Quality, approach and content were all a mixed bag that was held tightly shut, and it was impossible to know in advance if Dalí might handle a commission with delicacy and respect, with gentle jibes, or with cruelty and outright ridicule. As Cowles explains regarding his dealings with moneyed class, “Dalí has certainly run the gamut of emotions in dealing with them, starting at the bottom with derision (often openly, he boasts), as well as hate and envy and climbing all the way to the soaring heights of happy companionship with the best of them.”[30] Nevertheless, this did not seem to daunt those seeking a portrait painted by the “Divine Dalí,” and Morse recounts that the artist had told him and his wife that “he had more portrait commissions than he could possibly fulfill."[31]
While this all sounds a bit drastic, Dalí did often produce quite suitable, if slightly eccentric works people explained away as Surrealist, leaving those clients happy enough. Others were “in” on the joke, and understood that Dalí was who he was and enjoyed the privilege of being gently sent up by such a famous artist. If Dalí liked or admired his sitter, he was quite capable of creating a charming and respectful, if idiosyncratic portrait as, for instance, his delightful Portrait of Mitzi Sigall Briggs of 1948, in which the subject is likened to a bud bursting into flower, or his elegant and demurePortrait of Dolores Suero Falla, of 1955. We also know that Dalí was in fact capable of producing outright masterpieces when he chose, as evinced by a portrait of his beloved wife Gala in his famous Galarina of 1945. (This makes reference to Raphael’s La Fornarina (1518–1520), itself believed to be a likeness of the Renaissance master's mistress, Margherita Luti.) Startling in its realism, yet still quite flattering, Galarina was taken directly from a photograph, and was likely intended as a showpiece to demonstrate Dalí’s skills as a portrait artist, and his academic abilities as a painter.
Salvador Dalí, Galarina, 1945. Oil on canvas, 64 x 50 cm (25.19” x 19.68”). Fundació Gala-Salvador Dalí, Figueres.
To be fair, there are many portraits in which Dalí has quite masterfully rendered his subjects’ full bodies, and these include some of his most impressive works. His Portrait of Alma Walker Coe and her Daughter of 1959 for instance, accurately captures his subjects’ physiques, as does his Portrait of Mrs. Reeves of 1954, which renders this lady regal and appealing. Despite his technical or stylistic shortcomings, however, it is true that for Dalí, what was painted was perhaps more important than how he painted it. As Ades writes, regarding the whole of the artist’s oeuvre, “He considered his technique to be no more than a vehicle for conveying the disturbing imagery of his work. . .”[32] Viewing Dalí’s American portraits all together as we do in this website, it is clear their quality varies greatly.
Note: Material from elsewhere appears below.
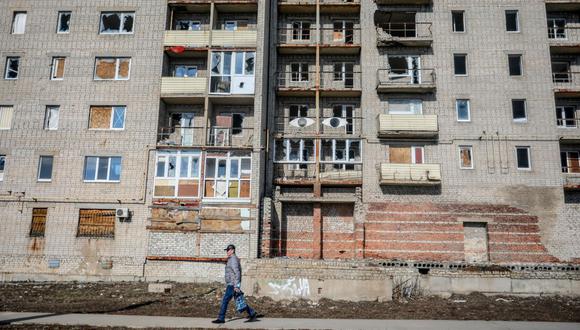 Un hombre pasa frente a un edificio abandonado en la ciudad de Avdiivka, en la región de Donetsk, en la primera línea del este de Ucrania con los separatistas respaldados por Rusia el 21 de febrero de 2022. (Foto de Aleksey Filippov / AFP)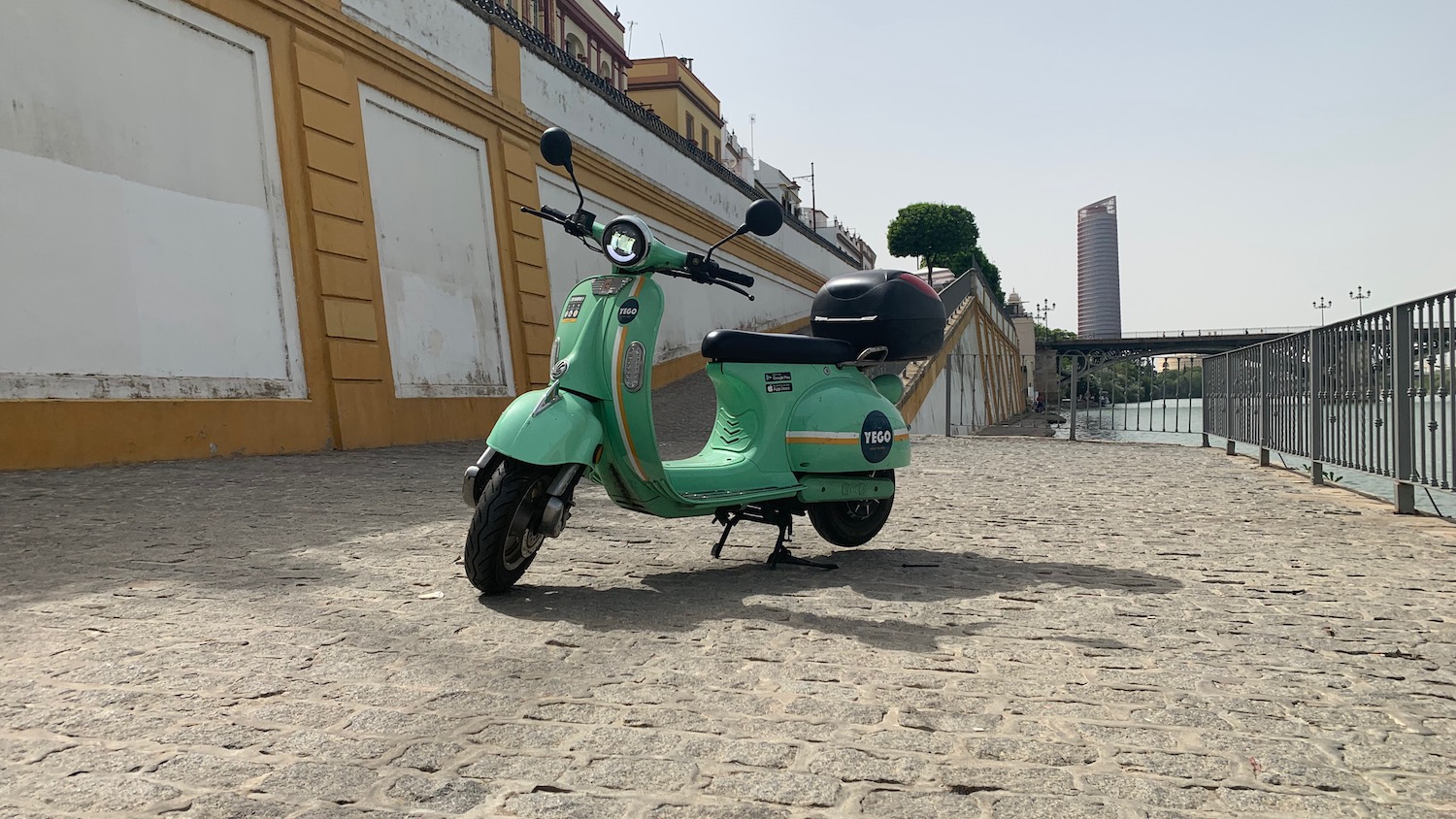 Picture of a retro, app-based electric rental scooter offered by the European YEGO company, with a stone wall visible in the background.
In the 1930s and 1940s, when Dalí was attempting to establish himself in the portrait market, he created some of his most technically meticulous and impressive works, such as his highly detailed 1944 Portrait of Mrs. Jack Warner, or his 1945 Portrait of Mrs. Isabel Styler-Tas/Melancholy, executed in the style of Archimboldo.
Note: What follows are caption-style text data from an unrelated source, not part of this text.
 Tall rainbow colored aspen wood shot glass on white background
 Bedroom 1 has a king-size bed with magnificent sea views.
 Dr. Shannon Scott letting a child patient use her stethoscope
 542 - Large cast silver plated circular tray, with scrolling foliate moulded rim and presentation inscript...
Likely in an effort to speed up production, works became less detailed and more formulaic throughout the 1950s, and by the 1960s and early ‘70s, the artist seems to have largely lost interest in the genre. While there are some impressive canvases in each of his active decades, the results toward the end could be slovenly and positively dashed off. Cases in point are his 1963-65 Portrait of São Schlumberger, with brushwork so crude as to have little resemblance to Dalí’s hand, or his Portrait of Sara María Larrabure of 1963, with details so sloppy they seem practically sponged on. In later cases such as these, considering the style, technique and palette are so foreign to Dalí’s, we suspect parts of the canvas may have been handed over to one of his assistants. In a 1953 entry of Dali's Diary of a Genius, he writes that he had the young painter Tim Phillips, who lived near Dalí’s studio in Port Lligat, executing drawing and details for him, and in many of the later portraits, it seems likely Tim’s, or another assistant’s hand may have been at work here.[33]
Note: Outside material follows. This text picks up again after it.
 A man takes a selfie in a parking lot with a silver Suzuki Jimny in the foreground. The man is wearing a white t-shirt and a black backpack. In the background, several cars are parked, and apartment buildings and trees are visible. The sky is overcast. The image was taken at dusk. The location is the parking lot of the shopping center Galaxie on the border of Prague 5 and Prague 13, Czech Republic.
A number of Dalí’s portraits which do clearly display his signature hand also reveal an awkwardness and some surprising technical gaffes which might be understandable in a more abstract or modernist milieu, but do not pass muster in Dalí’s “classic” context. While distortion and awkward rendering may not have been an issue in the heady early days of abstraction in which he worked, his loudly trumpeted return in the early 1940s to “classic” painting and stated desire to paint in an academic manner often served in fact to highlight his shortcomings as a painter in a conventional realist tradition, Surrealist flourishes or no. Certainly, when Dalí first presented himself as a working portraitist in his 1943 Knoedler Galleries exhibition, a number of period critics made much ado about his technical limitations. Cowles records how critics complained of his “lifeless technique,” while the New York Sun described the works as flat and trite. “There is no exhilaration in the portrayals,” she writes, “Nothing but plodding, plodding workmanship and an infinity of detail. So much for so much . . . One’s sympathies are all with the artist. So much effort is worthy of better direction.”[34]
Part of this “lifeless technique” seems to have to do with Dalí’s preference for working from photographs. Evidence strongly suggests that his first society portrait of an American, Edward Wassermann, painted in 1933, was taken from an image by American photographer Carl Van Vechten. While this appears to have been a rather loose translation, other extant base photographs, like the one copied verbatim for the 1958 Portrait of John Langeloth Loeb, show the extent to which Dalí relied on the mechanically-produced image for his portraits. Although it may be standard today, the practice of painting from photographs was sorely frowned upon during Dalí’s time. He, however, freely admitted to it. “Some say, ‘Why, Picasso never copied a photograph!’” he writes in The Unspeakable Confessions of Salvador Dalí. “All my life I have of course used photography.”[35] This he qualified in an interview some years earlier, explaining that “The immortal Greeks did the same for their divine sculptures, molding directly certain fragments . . .” to which he adds, “for this it is nevertheless preferable to know a little bit of drawing.”[36]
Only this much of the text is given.